I remember reading an Allan Holdsworth interview, where he stated that if he could go back and do it again, he would tune to all 4ths. His excuse was that you can't teach an old dog new tricks, but if he could have learned that way it would have made his life easier. This, of course, is debatable, but I could totally see a crazy linear player like Holdsworth get the best of the all 4ths tuning. I've tried it, and its cool to be able to move the same positions around a bunch of octaves without having to adapt to that gosh darn B string. I believe Vildhjarta plays G standard all 4ths on a majority of their material.


----------



## The Omega Cluster (Jul 10, 2014)

I've been playing on a 6 string bass and it's all 4ths, too, and it's fine!

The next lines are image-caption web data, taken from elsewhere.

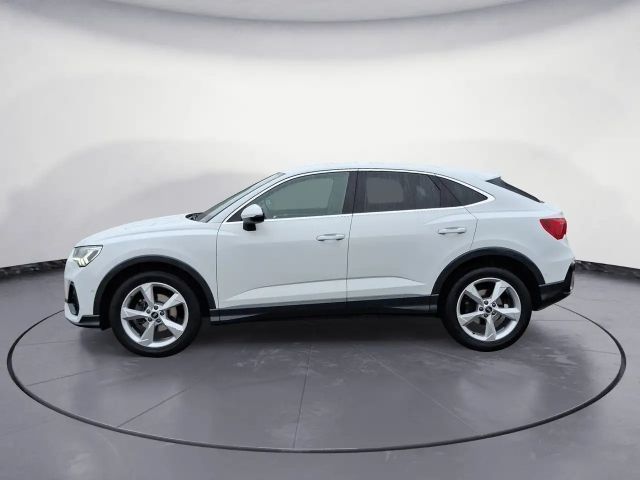 Audi Q3 35 TDI S-Tronic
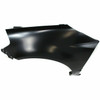 FENDER FR LH W/O SIDE LAMP OR FLARE HOLE CAPA REPLACEMENT FOR SUZUKI SX4 2008 PARTSLINK NUMBER  SZ1240124C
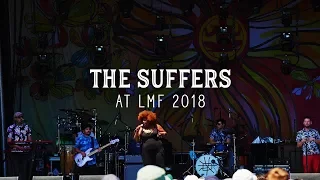 The Suffers at Levitate Music & Arts Festival 2018 - Livestream Replay (Entire Set)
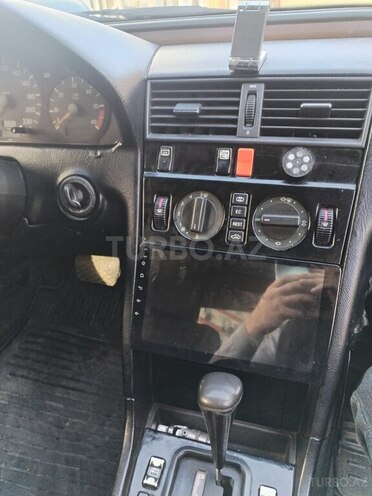Mercedes C 220 1994, 337,101 km - 2.2 l - Bakı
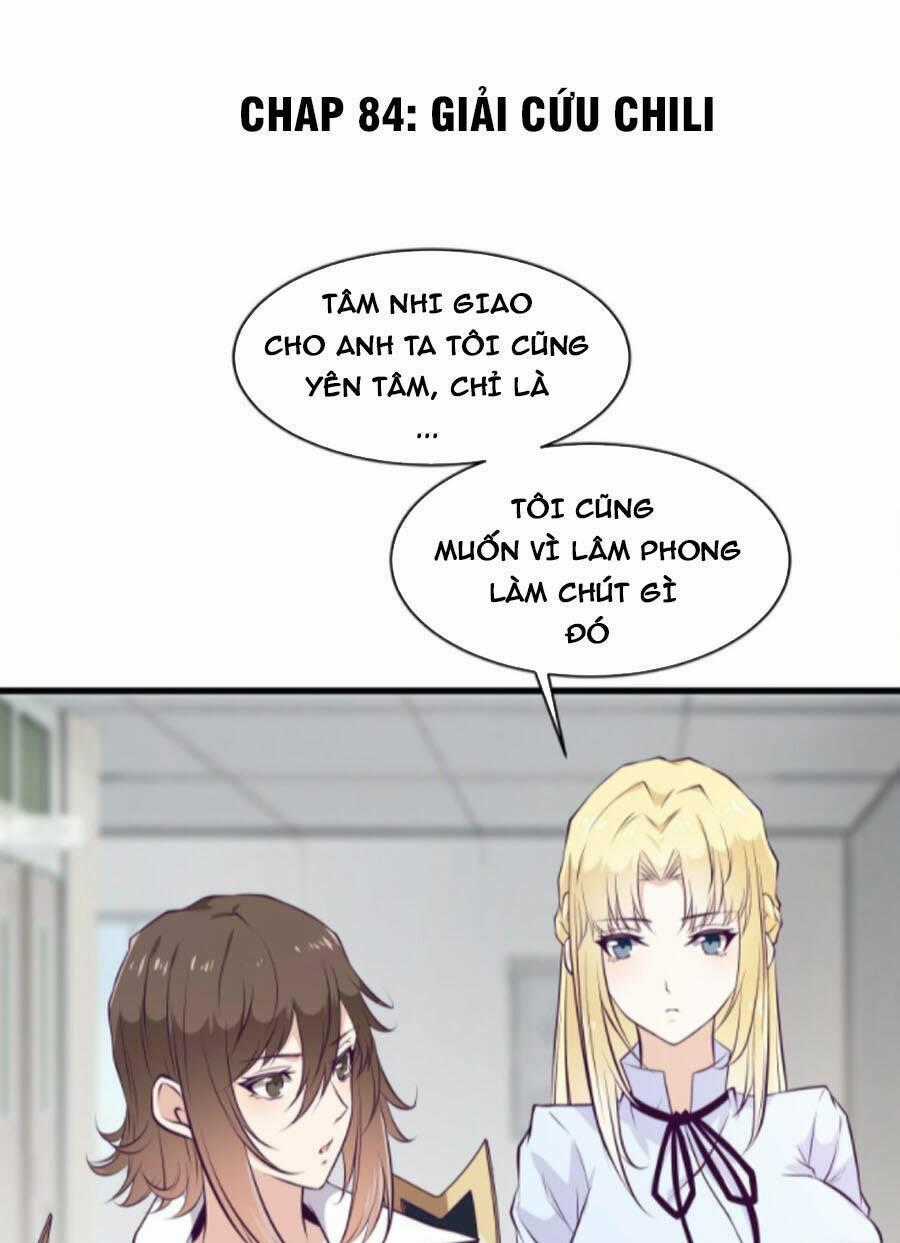 NÃI BA LÀ CHIẾN THẦN MẠNH NHẤT Chapter 84 trang 0
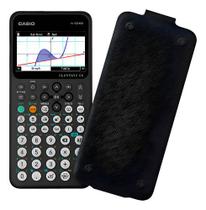Calculadora Gráfica Casio Cientifica 3D Color +2900 Funções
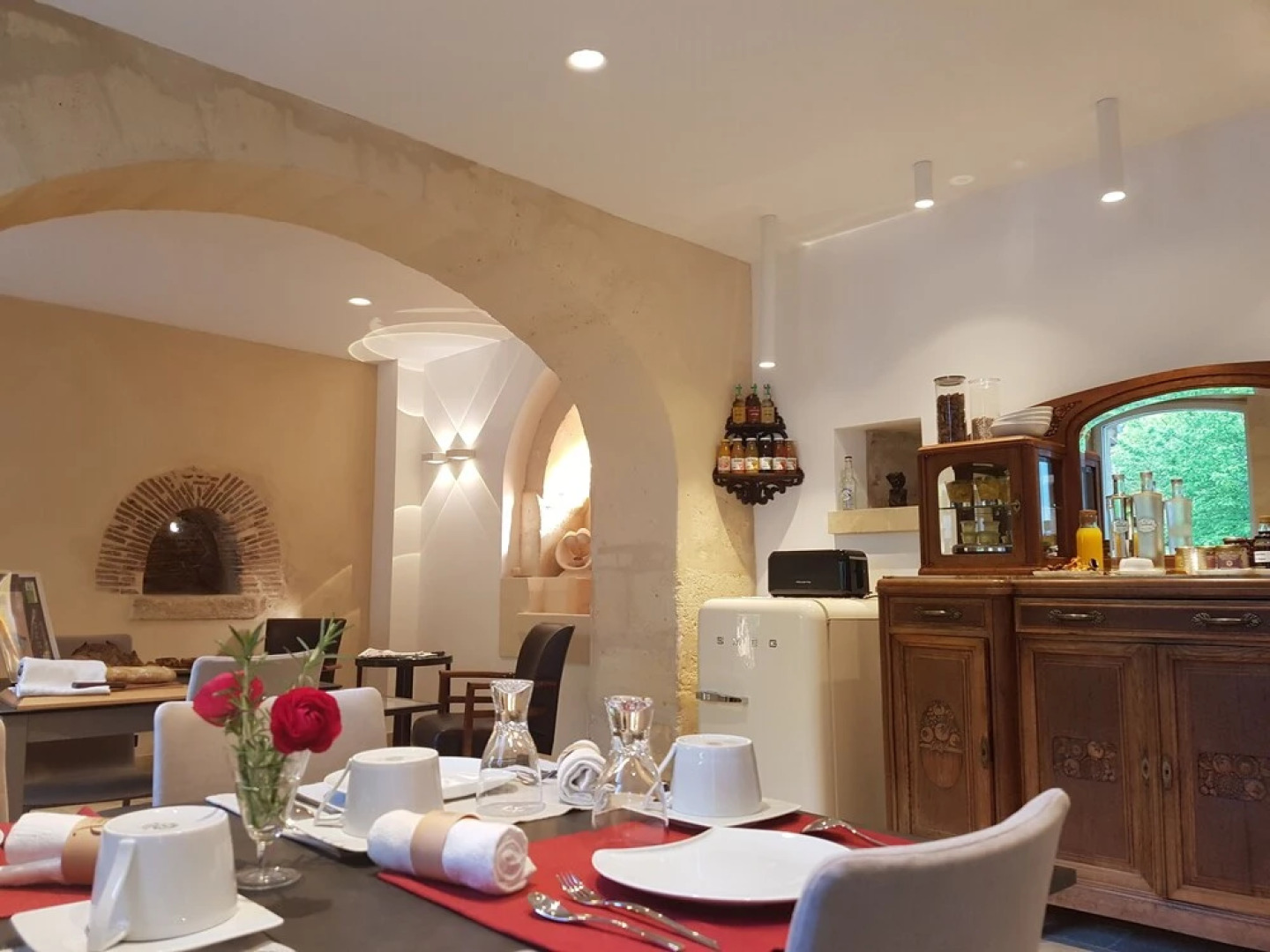 La Demeure du Passage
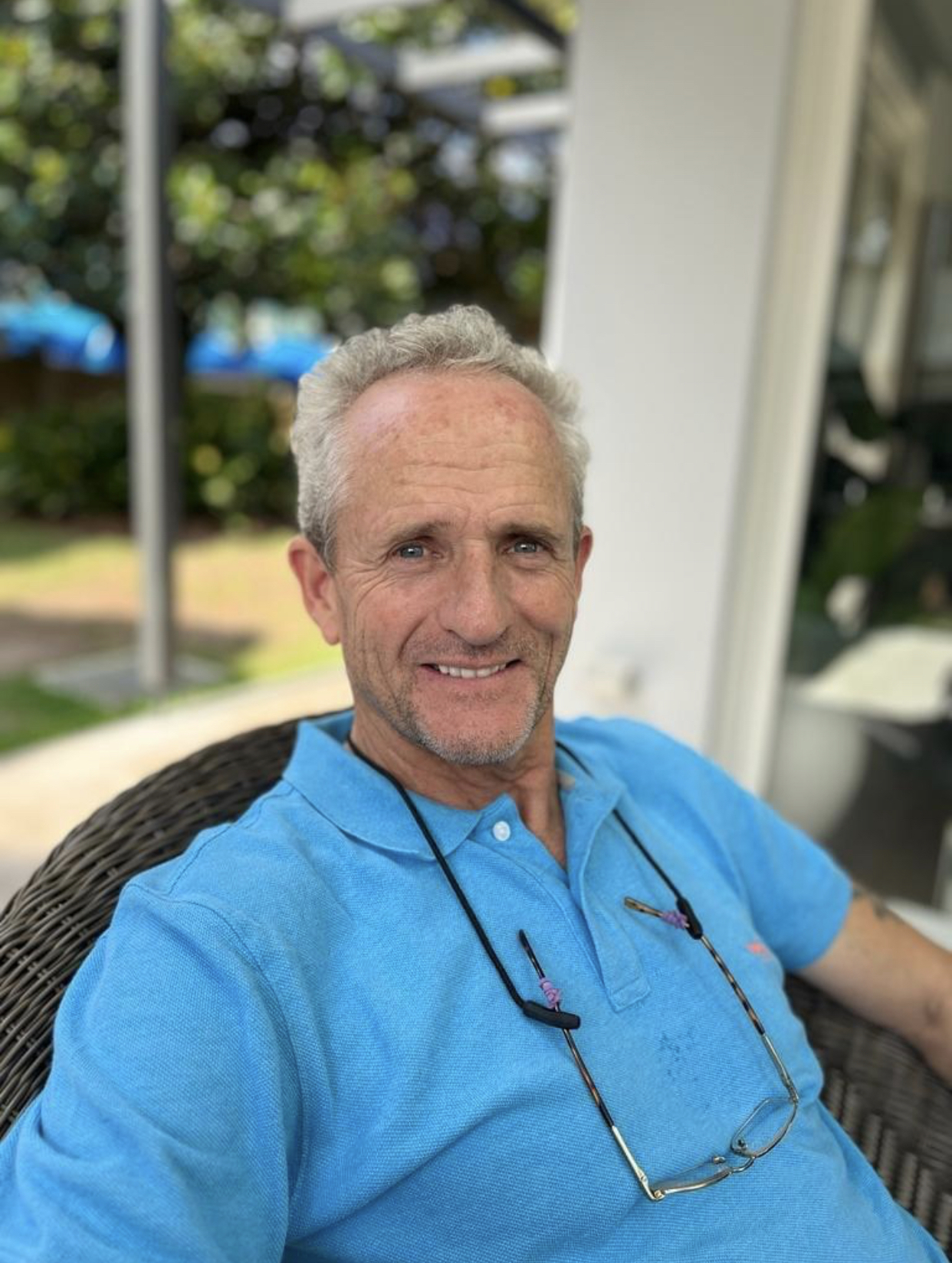 63 year old with dementia went missing two days ago from St Ives, he has been found alive today in Mona Vale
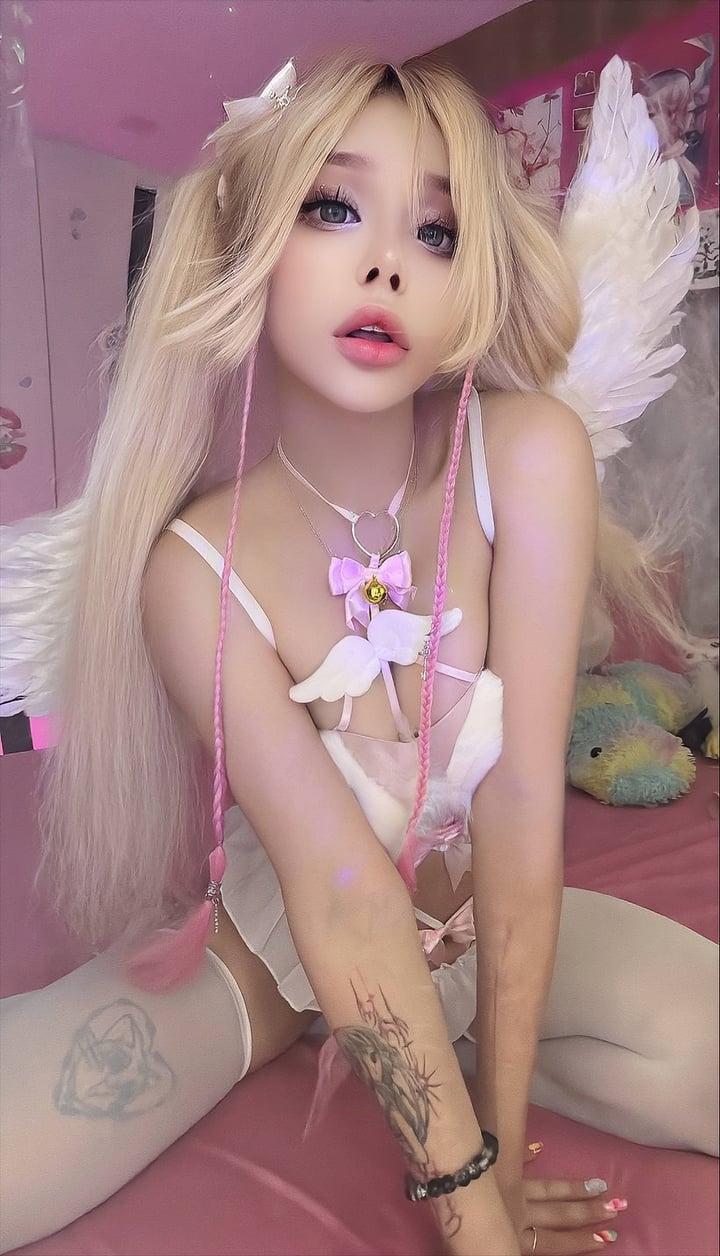Alice profile picture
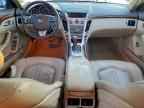 2012 CADILLAC CTS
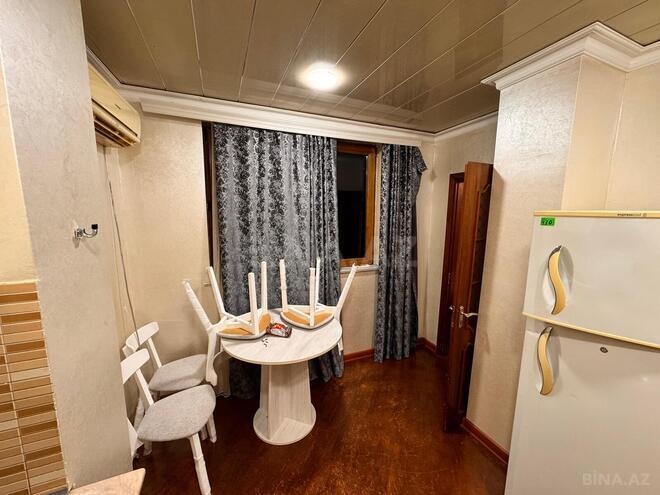 Satılır 2 otaqlı köhnə tikili 40 m², Bakıxanov q., photo 28 from 32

Sure, when I do 5 string (or 6) chords, there's the C string that gives me a minor 6th instead of a perfect 5th (in the example where I play a chord similar to an Em chord), but other than that, it,s fine.

I've recently thought about tuning it to all 5ths, but that's a story for another time.


----------



## Scrap (Oct 16, 2015)

It seems P4 tuning is great for diddling all over the neck at high speed.. but something that 2 of its biggest proponents Quayle and Hutchins have in common is a kind of hybrid sterility in their playing. They both produced and kind of mechanical computerised sound that really lacks any real depth or soul. Spitting out so many notes but very very few of them actually saying anything memorable or of meaning.

I have noticed too that most of the P4 players I see on Youtube and particularly the two fellows mentioned above almost totally avoid any kind of chordal comping.. which I find very odd for jazz/fusion players.

This leads me to think P4 could be great for some lead and solo playing.. but can be a challenge if you're a serious chordal harmony player or heavy jazz head.

Here's Sean Lane.. this man has almost a cult following and was an early adopter of P4 tuning.. yet again here we see the same diddly diddly almost mindless robotic and sterile lead playing. Again any chordal harmony, comping suspiciously absent.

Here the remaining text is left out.